A more moderate approach is urged by several scholars. David Magleby, a professor of political science at Brigham Young University, said the presidential system could be improved by raising the spending limits for campaigns, which are adjusted for overall inflation but have not kept pace with the steeper rise in campaign costs.
But some of the problems of this year’s campaign are out of Congress’ reach. Dole overspent largely by fighting off the independent candidacy of Steve Forbes, who spent as much of his own fortune as he wanted. In 1976 the Supreme Court said any attempt to limit what an individual could spend for himself violated the guarantee of free speech.
Beating around the bush
The court has also said that advertisements have free-speech protection and has defined as issue ads almost anything that does not include phrases like “vote for” and “elect,” or “vote against” and “defeat.” By running such advertisements, the two national party committees can evade the $12 million limit on direct help to their candidates.
The loopholes these definitions have created even bemused Dole.
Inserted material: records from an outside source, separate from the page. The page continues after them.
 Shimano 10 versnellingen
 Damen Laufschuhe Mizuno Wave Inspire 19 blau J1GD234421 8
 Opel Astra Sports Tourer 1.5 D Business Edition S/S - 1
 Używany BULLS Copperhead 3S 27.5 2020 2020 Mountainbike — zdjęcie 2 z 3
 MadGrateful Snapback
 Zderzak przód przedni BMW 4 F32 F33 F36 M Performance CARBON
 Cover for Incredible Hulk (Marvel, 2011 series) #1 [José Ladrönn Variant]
Last week he was discussing Republican Party advertisements that the Republican National Committee is running showing his biography. Speaking to television executives, he said, “It’s called ‘generic.’ It’s not ‘Bob Dole for President,”’ he said. “It never says that I’m running for president, though I hope that’s fairly obvious, since I’m the only one in the picture.”
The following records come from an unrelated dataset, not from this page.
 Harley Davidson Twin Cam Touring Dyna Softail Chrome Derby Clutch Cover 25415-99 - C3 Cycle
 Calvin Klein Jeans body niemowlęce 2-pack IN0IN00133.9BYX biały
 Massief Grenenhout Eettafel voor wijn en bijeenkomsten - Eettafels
Lee Ann Elliott, chairwoman of the Federal Election Commission, defended such advertising, saying, “We have been begging people to listen. We have been begging people to talk about the issues. Now that it is happening, I don’t see this as a bad thing.”
She said she thought attack advertisements were very useful because “the people look to the negative advertisements because they get information from them.”
She took no stand on speeding up commission procedures to make it possible to deal, before Election Day, with the formal challenges to the AFL-CIO’s activity of which polls show the majorities of union members disapprove - or to Dole’s reliance on state parties to pay most of the costs of his events.
“From a commissioner’s point of view,” she said, “that would be nice. But from a candidate’s point of view, just in the heart of a campaign, to have to stop, review everything and answer that, makes it very, very difficult.”
Taking issue with issue advocacy
Fred Wertheimer, an architect of the 1974 law, disagrees and blames the Supreme Court for the loopholes in the laws, saying the court’s definitions of issue advocacy “provide a license to cheat” and the justices were utterly out of touch, employing “a Mars concept when it comes to this issue advocacy stuff.”
The court is expected to rule soon on whether state parties can attack the other side’s candidates in “issue advertisements” that do not count against spending limits. The National Republican Senatorial Committee is assuming the court will allow that practice, counting its advertisements attacking Democrats as part of an unlimited get-out-the-vote account.
But Wertheimer blames Congress for blocking incremental changes, especially those to curb soft money. The parties collect vast sums, like the $1,583,228 that Philip Morris, the tobacco and food conglomerate, has given Republican committees since Jan. 1, 1995, or the $250,000 that Stanley Druckenmiller, a bond trader, gave the Republican National Committee on Aug. 30, 1994.
Wertheimer said, “What we are dealing with is not a constitutional question, it’s a matter of political will.”
Those huge contributions, now coming in at double the 1992 rate, are spent in those states where they would be legal.
Brigham Young’s Magleby blamed the press, too, for not probing adequately into the motivations for enormous contributions. He said sweeping changes were inevitable when the next disgrace caught public attention. “What is going to trigger this is going to be a scandal,” he said. “It will happen. The only question is when.”